This leads to the issue of the 2013 Constitutional Review which personnel wise had many cross over links to those of the flag panel. Collectively the panel was 90% white, 5 Chinese Ngai Tahu, 20% Maori. Of Maori representation 100% was made up tribes whose Iwi begun in Taranaki (Ngai Tahu – Tainui) of which 75% was Ngai Tahu.

Marama Broughton’s paper to the Māori Law Review symposium on the Treaty of Waitangi and the constitution12 June 2013 notes a constitution must includes a hapū, whānau, iwi and Crown relationship and yet this is excludes from the Constitutional review (which) also left out reference to the Magna Carta the founding document of western democracy and international law. Article 29 reinforce the rights of all “NO freeman shall be taken or imprisoned, or be disseised of his freehold, or liberties, or free customs, or be outlawed, or exiled, or any other wise destroyed; nor will we not pass upon him, nor condemn him, but by lawful judgment of his peers, or by the law of the land. We will sell to no man, we will not deny or defer to any man either justice or right”. The wording of article 29, which is in New Zealand law, is precise. For its purpose is to accentuates that las and right must not just be legal but lawful. This goes to the heart of the Magana Carta charter which differs from other founding historical documents of western democracy in thats it stress law are not just about what legal but that laws and government must also be based on good governing, be fair and be based on equality for all.

The 2021 Corporate editorial (which is always shaped by what’s good for the share holders) for this year in New Zealand has clearly being about promoting Maori rights in fact it boomed of Te Reo Maori “It is a basic human right. Rangatiratanga is “of Māori, by Māori, for Māori.”

The problem how is the corporate media and the so called woke middle class are bunch of morally bankrupt racist and while they can speak ‘Maori’ they clearly don’t get the meaning and purpose behind Te Reo. “Rangatiratanga 1 : a Maori chief : a Maori of rank, authority, or distinction. 2 New Zealand : a leading citizen : magistrate”.

Marama Broughton’s paper to the Māori Law Review symposium on the Treaty of Waitangi notes “recent court decisions appear to indicate some movement or a willingness by some members of the judiciary to recognise tikanga as law.
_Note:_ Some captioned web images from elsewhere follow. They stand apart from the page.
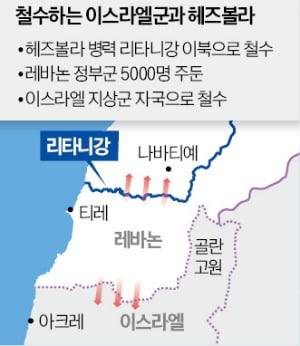 이스라엘·헤즈볼라, 휴전 전격 합의…가자戰 휴전도 급물살타나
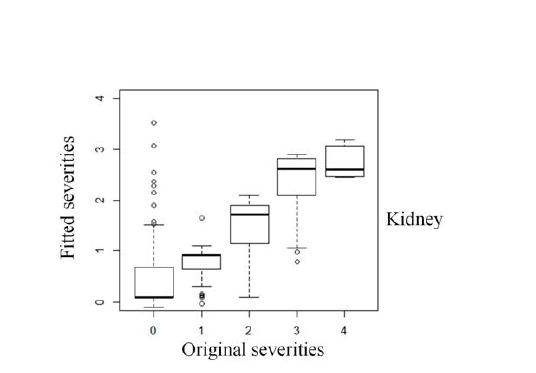 Evaluation of kidney severity prediction model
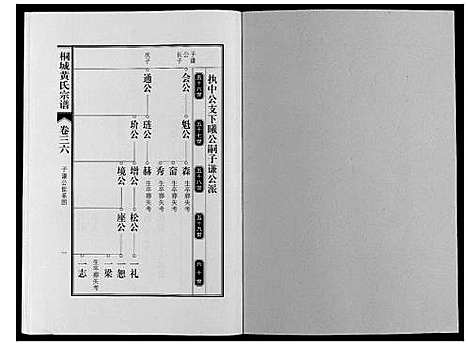 [下载][桐城黄氏宗谱_36卷]安徽.桐城黄氏家谱_三十八.pdf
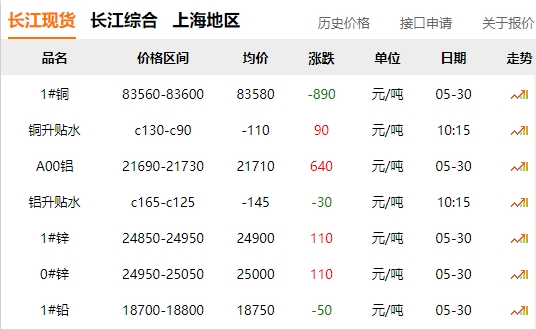 2024年05月30日  銅價(jià) 大跌?。?！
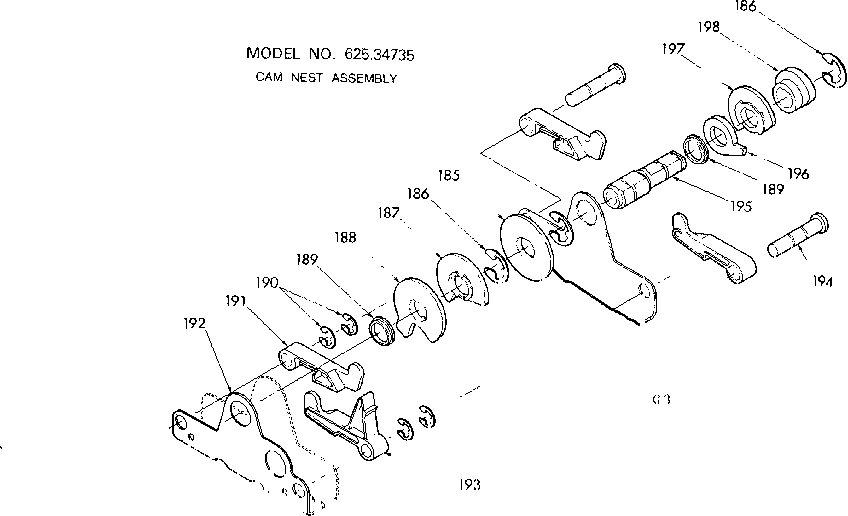 Cam nest assembly
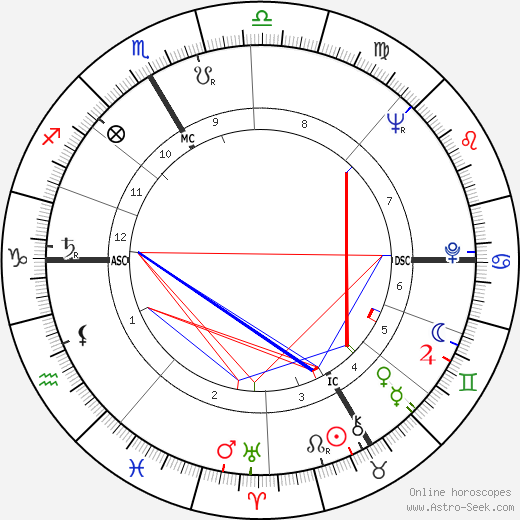 André Briend birth chart, André Briend astro natal horoscope, astrology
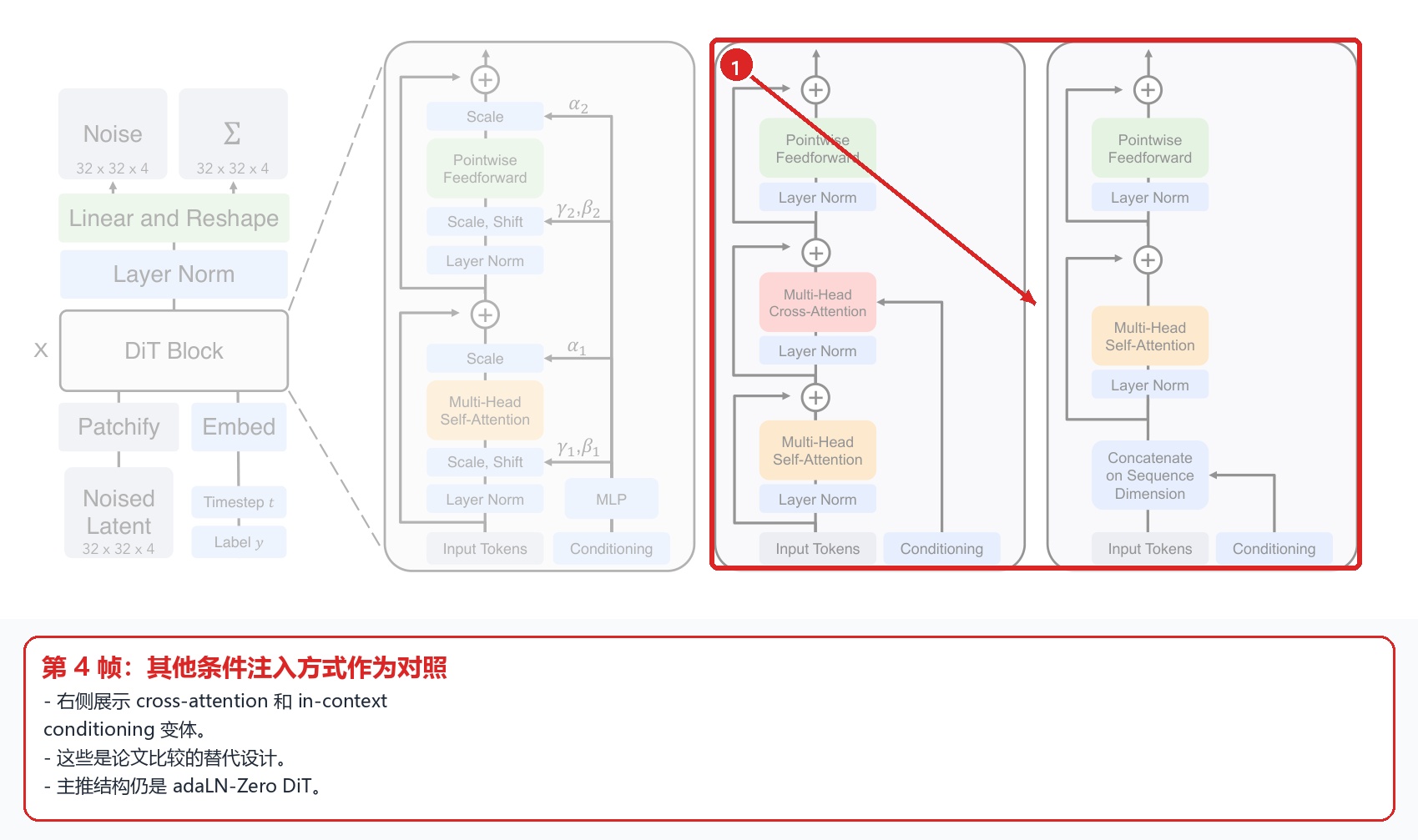 第 4 帧:其他条件注入方式作为对照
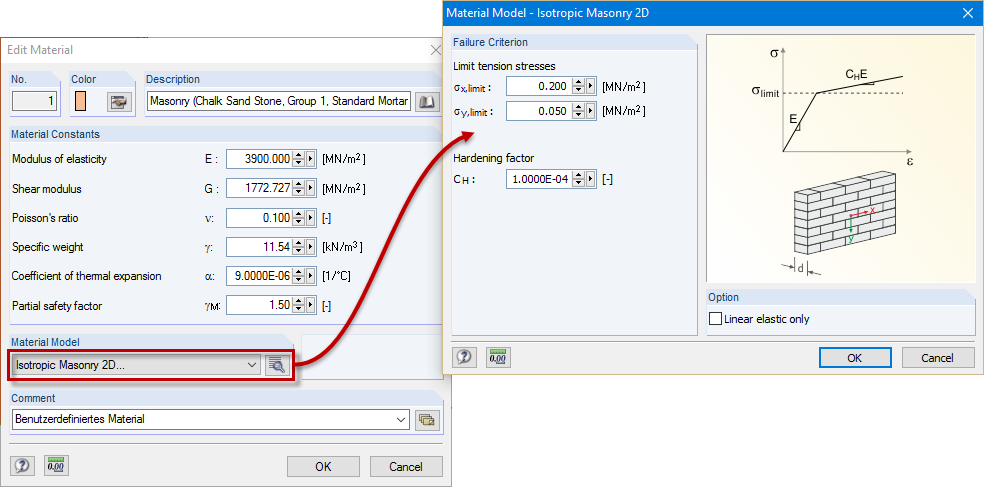 Modello del materiale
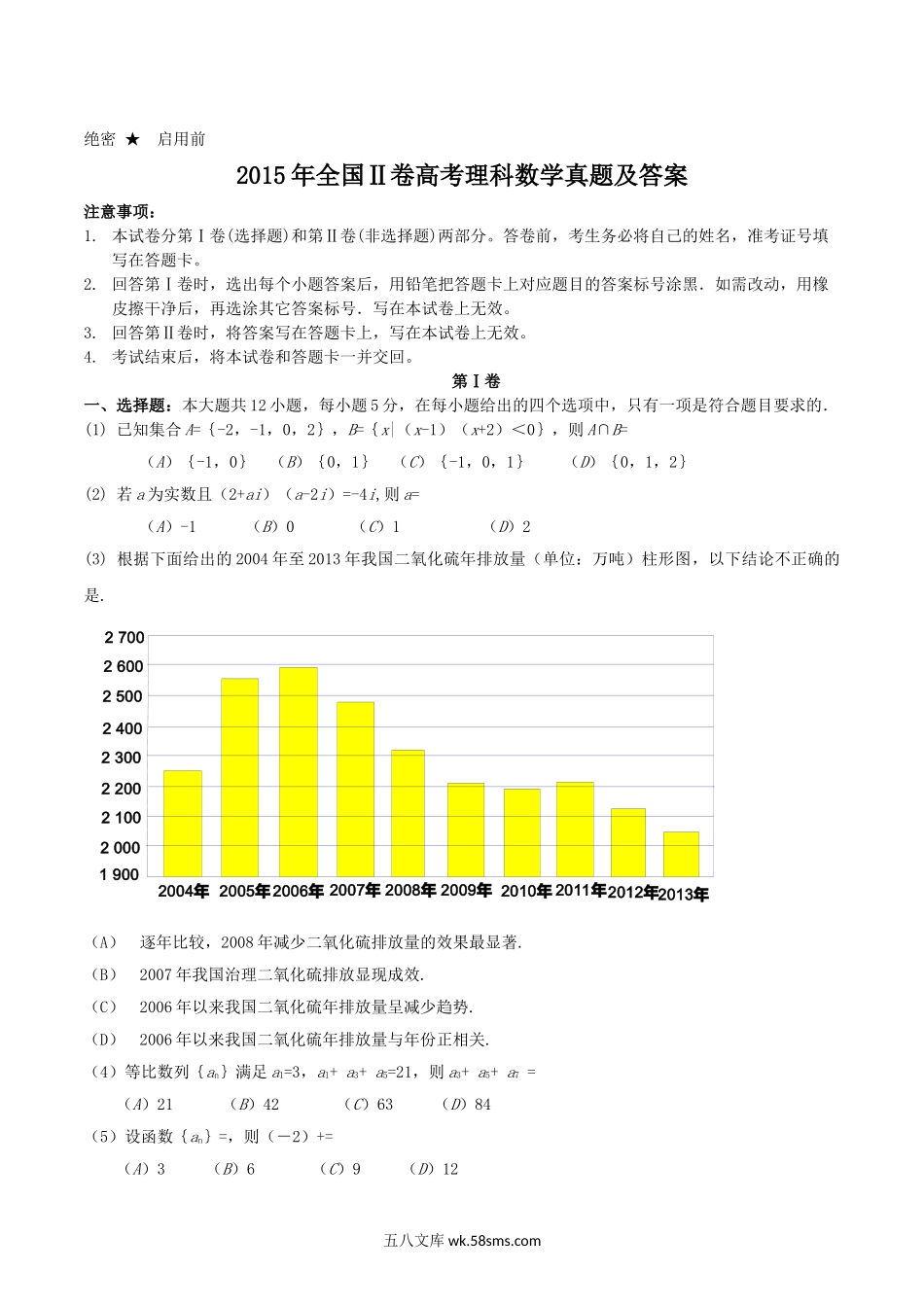 2015年全国Ⅱ卷高考理科数学真题及答案.doc_第1页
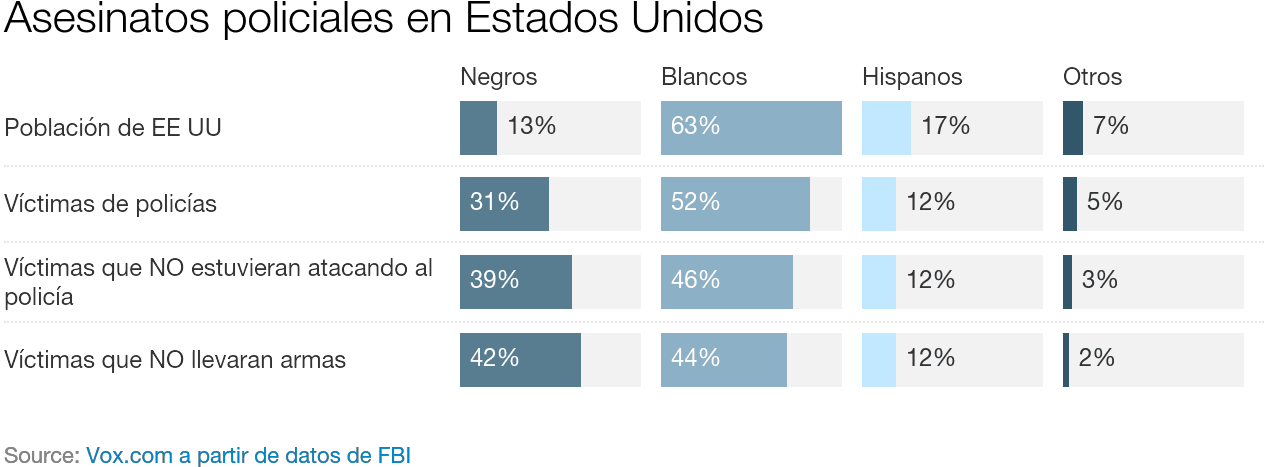 El 31% De Personas Asesinadas Por La Policías En 2012 - Racismo En Estados Unidos Estadisticas Clipart (1280x560), Png Download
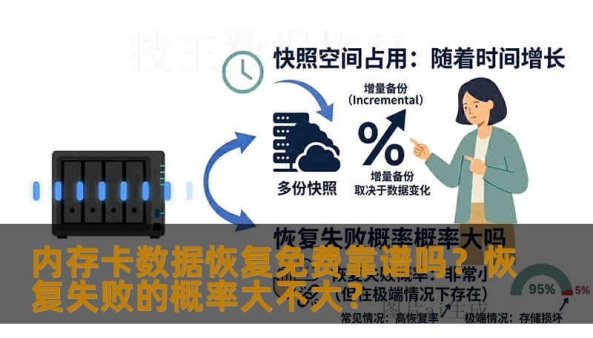 内存卡数据恢复免费工具是否可靠？恢复失败概率与原因分析，包含真实案例与操作步骤，避免误操作导致数据永久丢失。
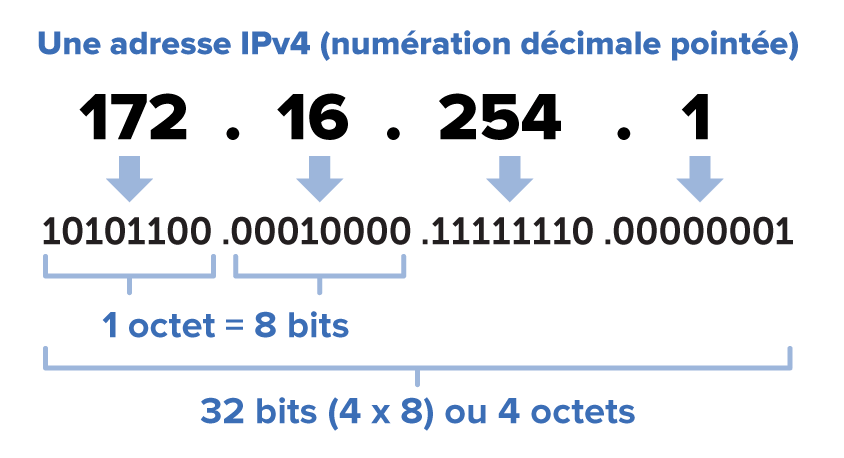 Comment faire pour changer et cacher son adresse IP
And yet the terms of reference for the panel don’t seem to recognise this. From my experience, there are fundamental changes that need to take place within university law schools to more accurately reflect the relationship between tikanga, Te Tiriti and Crown law.Tikanga While concepts of tikanga are constant, their practice can vary between iwi and hapū”

And yet iwi like Ngai Tahu want the idea that hapu get to have a say gone from the wording of the public discussion which will shape what kind of democracy Na Niu Tirene will be in a world where New Zealand has cuts the final strings connecting her to old blighty. They literally make no reference to hapu and kick into touch the part which suggest we are all equal in the eyes of the law. Thats not what you would call an ideal start to out future republic justice system in any sense of the word. The deliberate steps to omit hapu and create a frame work in which our laws are not only legal but lawful is not confined to the 2013 Constitutional Review. Though the politics, frame work and government handling of the review – which worked in lockstep with both John Key’s Flag debate and the pushing through of trade deals like the TPPA (that threaten to give corporations more rights than people), is proof just how orchestrated and deliberate such undemocratic decision making has being.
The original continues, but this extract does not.